Selon M. Guay, «Stephen Harper veut que le Parti conservateur soit le nouveau parti de la gouvernance au Canada (à la place du Parti libéral). Il ne fait pas de mesures trop radicales, car le pays se gouverne surtout au centre.»
Il se demande d'ailleurs si les conservateurs, maintenant qu'ils ont tant accompli et ont montré qu'ils ont «une main de fer dans un gant de fer», seront plus respectueux de l'opposition.
Car en 2011, les bâillons, le rejet de tous les amendements de l'opposition, la limitation du temps de débat pour les divers projets de loi, tout était bon pour que les initiatives de Stephen Harper deviennent lois rapidement.
Ned Franks ne croit pas que les conservateurs se montreront plus conciliants. Les deux principaux partis d'opposition sont faibles, et sans chef.
Selon Mme Maioni, le plus important à venir sera le budget. Il sera révélateur de ce que Stephen Harper réserve aux Canadiens.
«On ne devrait pas être étonnés de voir changer certaines choses. On va voir ce qui va se passer au niveau du financement des programmes sociaux et du savoir», avance-t-elle.

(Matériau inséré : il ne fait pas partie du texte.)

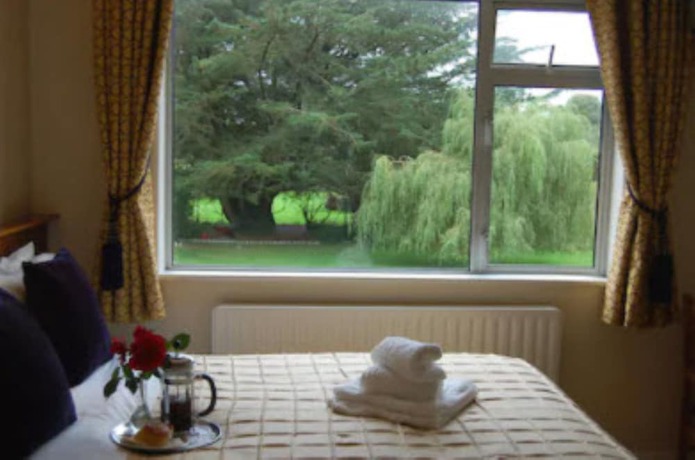 Imagen de la habitación del Hotel The Gardens BandB. Foto 14
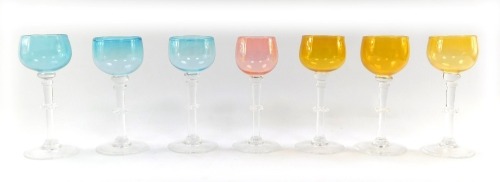 A set of seven coloured wine glasses, three blue, three green and one pink, on a clear glass stem with frilled knop, etched to foot K T Q Oylan. '75, each 19cm high. (7)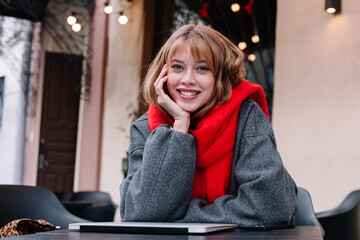 Young woman wearing a red scarf enjoys a cozy moment at a cafe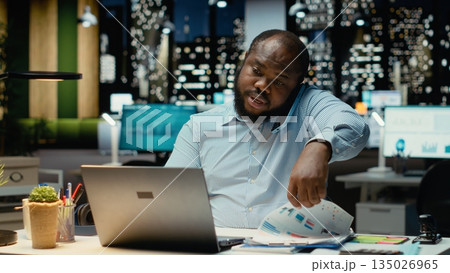 Male business director answers incoming phone call late at night, using laptop to read briefing data and engage in a transparent dialogue. Exchanges ideas to strengthen relations. Male business director answers incoming phone call late at night, using laptop to read briefing data and engage in a transparent dialogue. Exchanges ideas to strengthen relations. 135026965
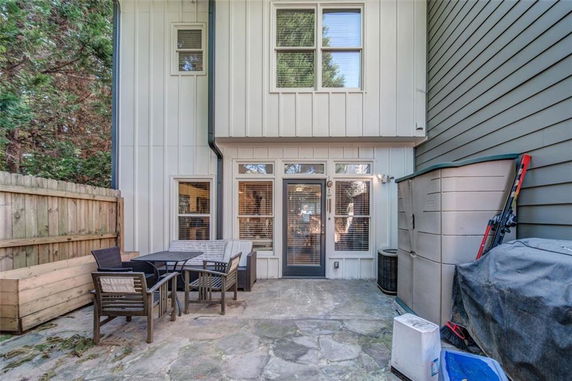 Outdoor patio area with seating and storage units adjacent to a house.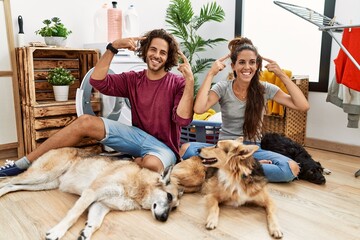 Young hispanic couple doing laundry with dogs smiling pointing to head with both hands finger, great idea or thought, good memory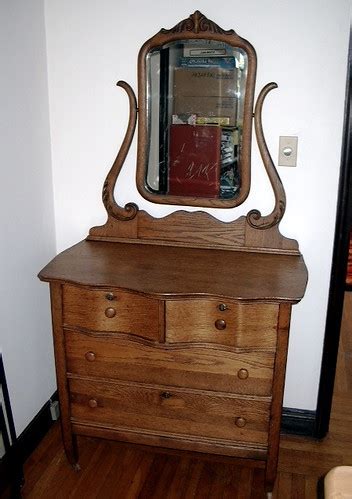 Antique oak dresser with beveled mirror and ornate carving. Early 1900s Antique Oak Dresser with Mirror | $240 This is ...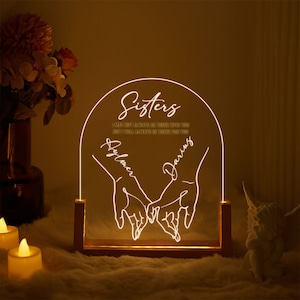 May include: A white LED light with a wooden base features a design of two hands holding each other with the text "Sisters" and the quote "I may not always be there with you but I will always be there for you".
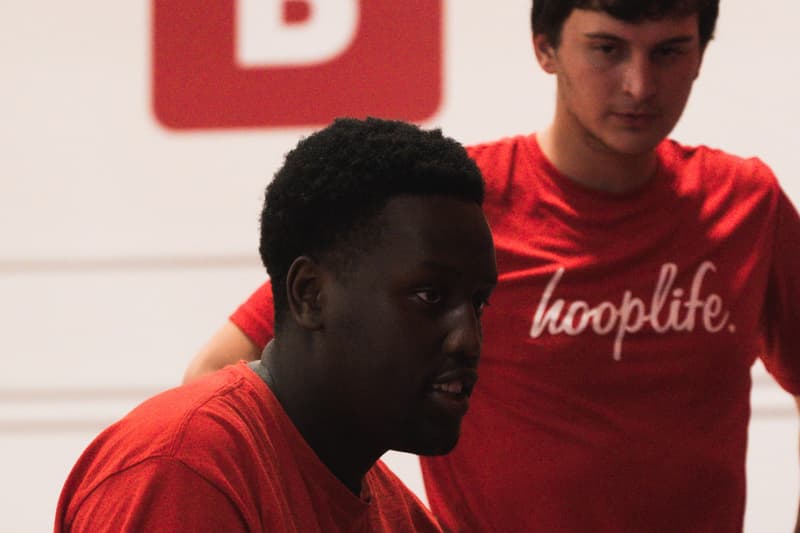 A HoopLife coach working closely with a single player in Regina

Et on risque fort de voir Stephen Harper abandonner certaines choses, comme la culture, croit-elle.
Mais 2012 aura son lot de patates chaudes que M. Harper ne pourra éviter, croit Ned Franks.
Les conséquences du projet de loi omnibus pour durcir la justice criminelle vont commencer à se faire sentir, prévoit-il. Il y aura plus de personnes en prison et les coûts vont s'accumuler.
«Ce qui va causer une certaine anxiété et hostilité des provinces envers le gouvernement fédéral», prédit M. Frank.
Les conséquences des compressions annoncées de cinq à dix pour cent de tous les ministères fédéraux seront aussi connus en 2012, et vont rimer avec abolitions de postes et diminutions de services, rappelle-t-il.
Et Québec ne devrait pas avoir de grandes attentes pour 2012. La province a passé l'automne à dénoncer le projet de loi pour abolir le registre des armes de chasse et celui pour durcir la justice criminelle. Mais aussi à déplorer la nomination de hauts fonctionnaires unilingues anglais comme le nouveau vérificateur général.
La voix du Québec n'est pas entendue à Ottawa, conclut Mme Maioni. M. Guay attribue cette attitude en partie au mouvement souverainiste qui est en perte de vitesse. Le Québec serait ainsi moins une menace pour les fédéralistes.
Pourtant, le risque «le plus vague, mais pourtant le plus dangereux pour le gouvernement, c'est de s'aliéner le Québec», assure M. Franks.